After I took over a new team in growth, I was asked to present a product strategy for it to the CEO, and the heads of product, eng, and design. Instead of writing about the product strategy, I wrote an operational strategy first. It was just as important for the team and this group of executives to know how we operated as it was to know what we planned for our operation. One of these components of the operational plan was a mix of optimization vs. divergent thinking. Growth frequently suffers from a local maxima problem, where it finds a playbook that works and optimizes it until it receives more and more marginal gains, making the team less effective, and hiding new opportunities not based on the original tactic. Playbooks are great, and when you have one, you should optimize every component of it for maximum success. But optimization shouldn’t blind teams to new opportunities. In the operational strategy, the first section was about questioning assumptions. If an experiment direction showed three straight results of more and more marginal improvements, the team had to trigger a project in the same area with a totally divergent approach.

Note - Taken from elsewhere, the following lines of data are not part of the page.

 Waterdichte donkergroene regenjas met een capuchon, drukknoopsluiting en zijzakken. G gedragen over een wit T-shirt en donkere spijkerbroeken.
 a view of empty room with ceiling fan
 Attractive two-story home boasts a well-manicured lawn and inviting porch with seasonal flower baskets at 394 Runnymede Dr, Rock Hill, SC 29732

This is where our previous growth meeting ran into trouble. When tackling a divergent approach as an experiment, you will either start in one of two directions. One is that the team steps back and comes up with a much better solution than what it was optimizing before, and are pretty confident it will beat the control. The other is the team determines a few different approaches, and they are not sure which ones if any will work. In both cases, it’s impossible to just change one variable from the control to isolate the impact of changes in the experience.

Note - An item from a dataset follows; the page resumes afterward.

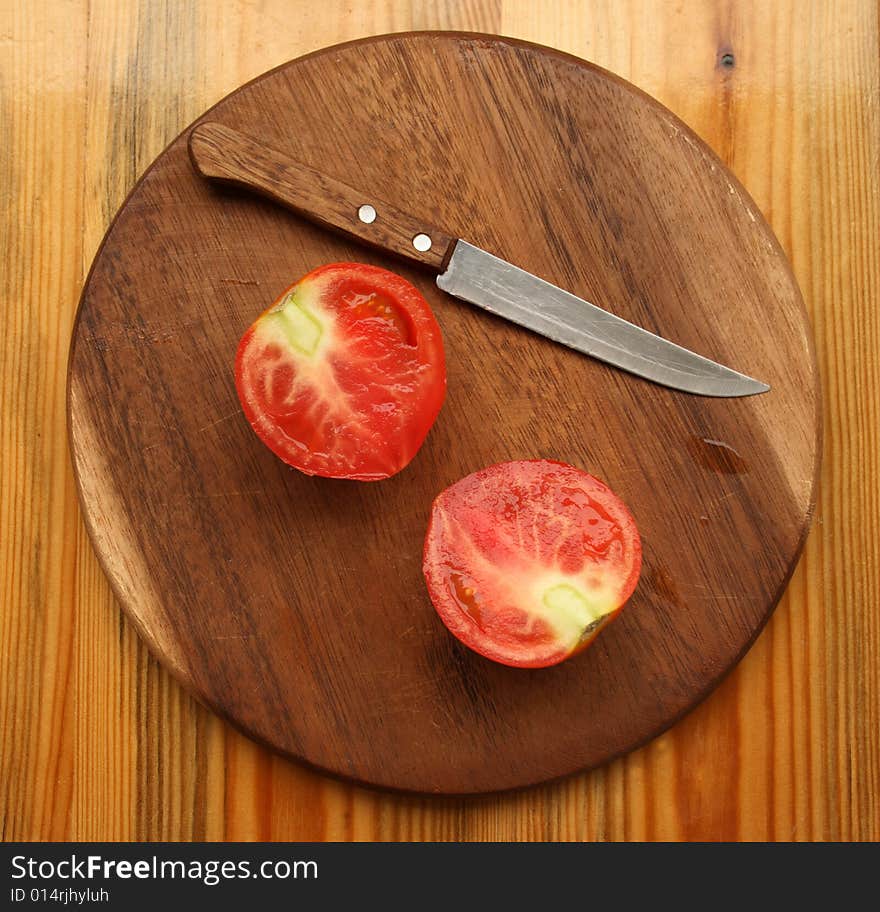 Fresh Tomato With Knife On Kitchen Board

In this scenario, the right solution is not to isolate tons of variables in the new experience vs. the control group. It is to ship an MVP of the totally new experience vs. the control. You do a little bit more development work, but get much closer to validation or invalidation of the new approach. Then, if that new approach is successful, you can look at your data to see which interactions might be driving the lift, and take away components to isolate the variables after you have a winning holistic design.
If you’re optimizing an existing direction, isolating variables is key to learning what impacts your goals. When going in new directions though, isolating variables sets back learning time and may actually prevent you from finding the winning experience. So, when performing experiments, designate whether you are in optimization mode or divergent mode, and pick the appropriate experimentation plan for each.
Currently listening to Oh No by Jessy Lanza.